A 7000-year record of floods and ecological feedbacks in Weeks Bay, Alabama, USA

Sci Total Environ. 2020 Nov 15;743:140052. doi: 10.1016/j.scitotenv.2020.140052. Epub 2020 Jun 13.

Abstract

Climate change, sea-level rise, and human activities present major concerns for coastal environments. Paleoenvironmental records allow us to extend the instrumented record and study recent environmental impacts in a long-term context with natural pre-industrial conditions. Here, we investigate grain size, stable carbon (δ13C) and nitrogen (δ15N) isotopes, elemental composition, and diatom abundance in sediments to construct a 7000-year paleoenvironmental history of Weeks Bay, Alabama, a NOAA National Estuarine Research Reserve.
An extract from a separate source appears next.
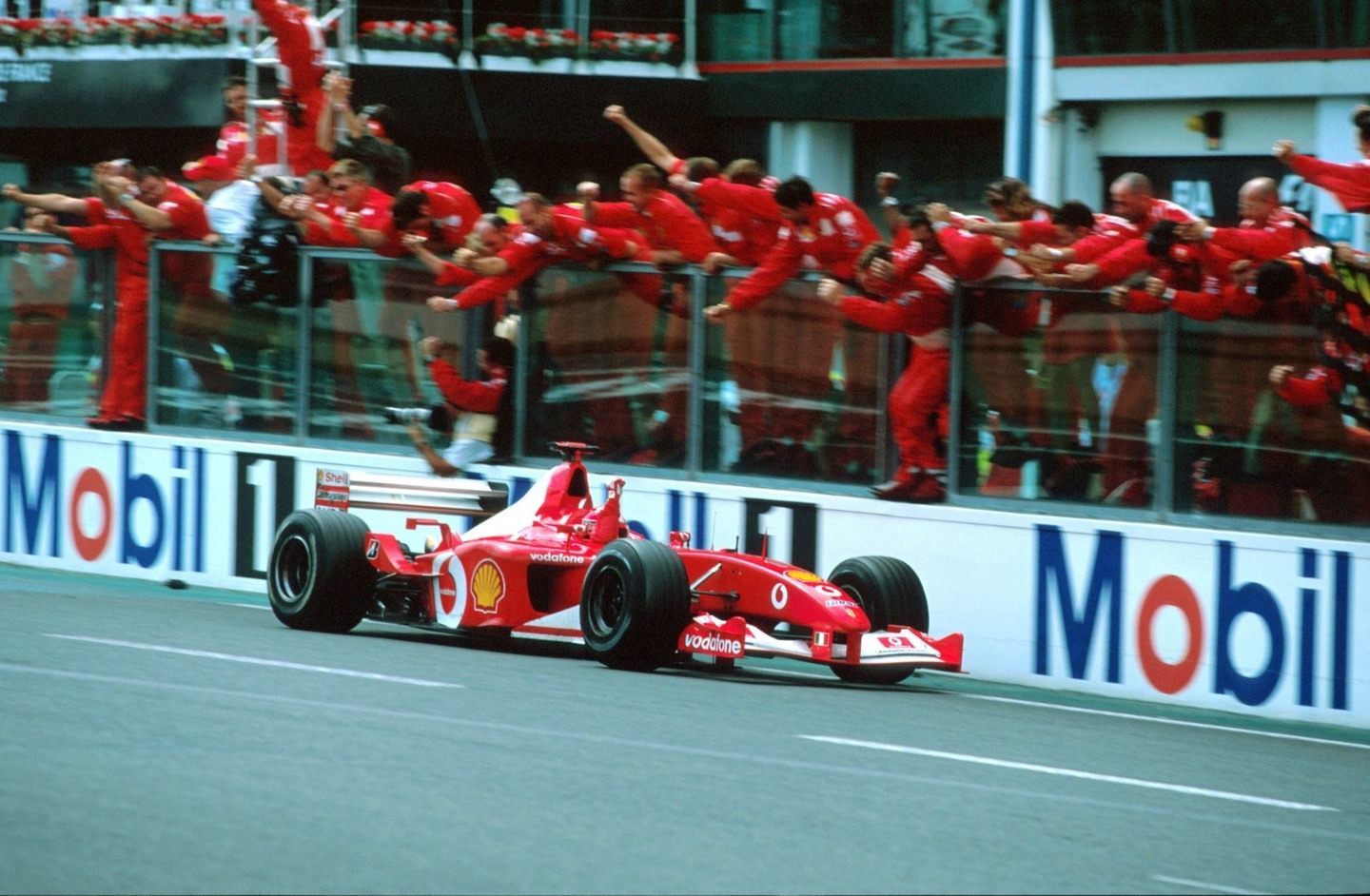 Михаэль Шумахер восемь раз побеждал в Маньи-Куре © Formula 1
Four major floods of the Fish River since 1986 CE are independently identified in the Weeks Bay sediment record, validating the bay setting as an archive of flood events. Thirty-four flood events were identified over the last 5000 years, with two periods of intense flood activity coinciding with the Medieval Climate Anomaly and the Little Ice Age, indicating association of relatively short-term climate events and enhanced storm activity. Further, multiple paleoenvironmental proxies indicate marine conditions during formation of the bay ~6600 calendar years Before Present (cal yr BP) and a brackish transition as the estuary became restricted ~2000 cal yr BP. High total organic carbon/nitrogen values indicate nitrogen limitation in Weeks Bay. Increase in organic content, diatoms, and redox- and nutrient-associated elemental proxies over the last 300 years, with dramatic increase in algal abundance since the 1980s, strongly suggest that human activities (i.e. land clearing, agriculture) increased ecological feedbacks in the bay. Comparing past and present environmental conditions of coastal estuaries advances our understanding of estuarine response to climate change and sea level, floods, and human activities, which is important for environmental management and wetland conservation policy.

Keywords: Algal blooms; Diatoms; Estuary; Nutrients; Paleoenvironment.